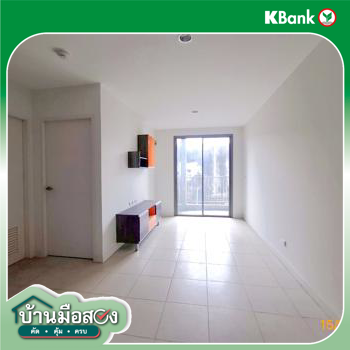 รูป คอนโดมิเนียม 1 ห้องนอน, 33.76 ตารางวา คอนโดมิเนียม สำหรับขาย โว้ค เพลส สำโรงเหนือ เมืองสมุทรปราการ สมุทรปราการ - รูปที่ 22/24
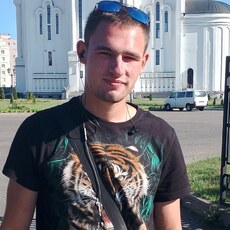 Фотография мужчины Максим, 22 года из г. Могилев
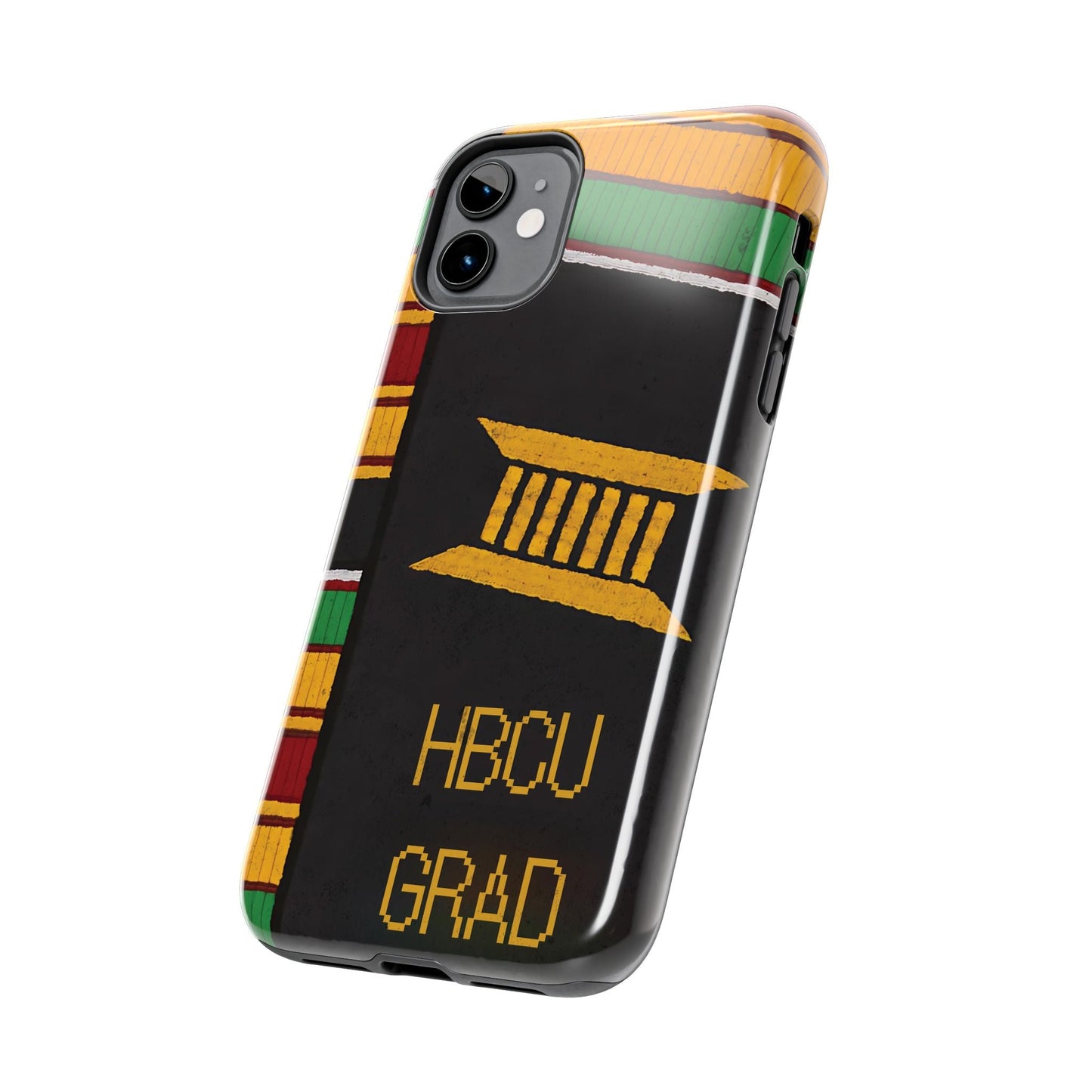 HBCU Community - Graduation Stole HBCU Grad Case Printify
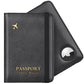 AirTag Passport Holder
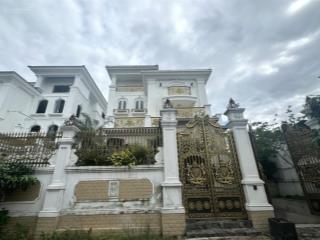 Villa cityland riverside 391m đất  hồ bơi  thang máy  giá 85 tỷ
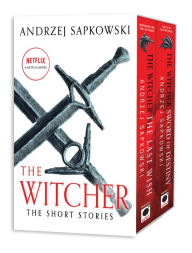 Title: The Witcher Stories Boxed Set: The Last Wish and Sword of Destiny, Author: Andrzej Sapkowski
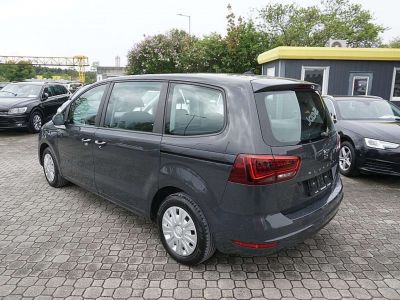 Seat Alhambra Gebrauchtwagen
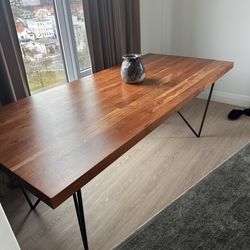 CB2 Jonas Wahlström Dylan Dining Table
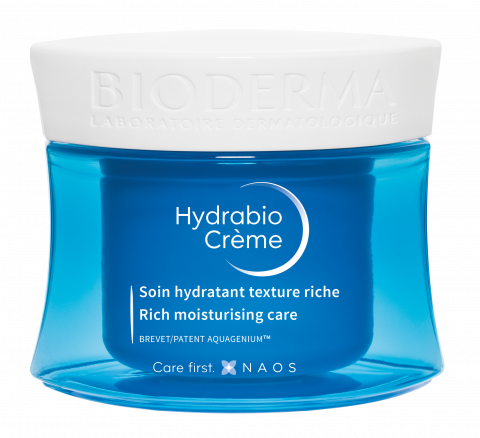 Фотографија на производот BIODERMA, Hydrabio Creme 50ml, хидрантен крем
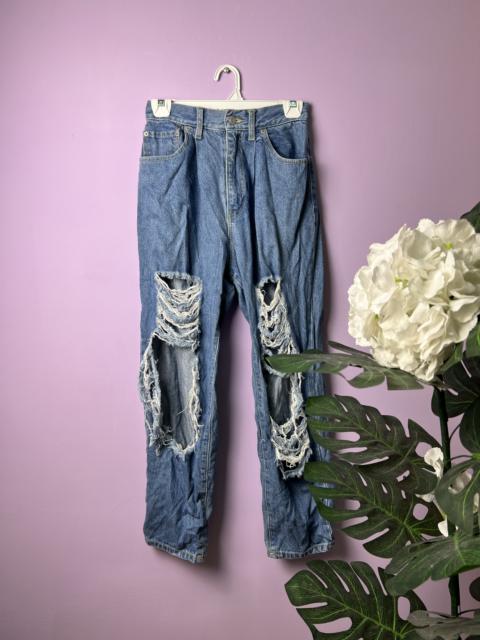 Other Designers Distressed Denim - 🔥Browny Distressed Denim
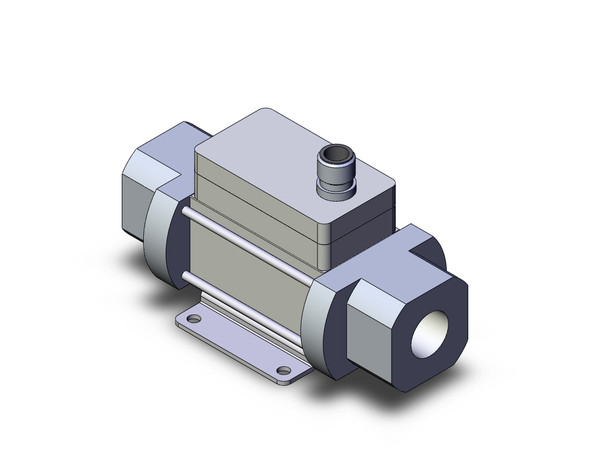 SMC PF2W504T-N03N Digital Flow Switch For Water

Exercise instructions. Begin with the first line of the records and repeat every line up to the one with "AirTag Passport Holder", counting that line too. Pictures are not part of the copy.

Output for this task.
 รูป คอนโดมิเนียม 1 ห้องนอน, 33.76 ตารางวา คอนโดมิเนียม สำหรับขาย โว้ค เพลส สำโรงเหนือ เมืองสมุทรปราการ สมุทรปราการ - รูปที่ 22/24
 Фотография мужчины Максим, 22 года из г. Могилев
 HBCU Community - Graduation Stole HBCU Grad Case Printify
 AirTag Passport Holder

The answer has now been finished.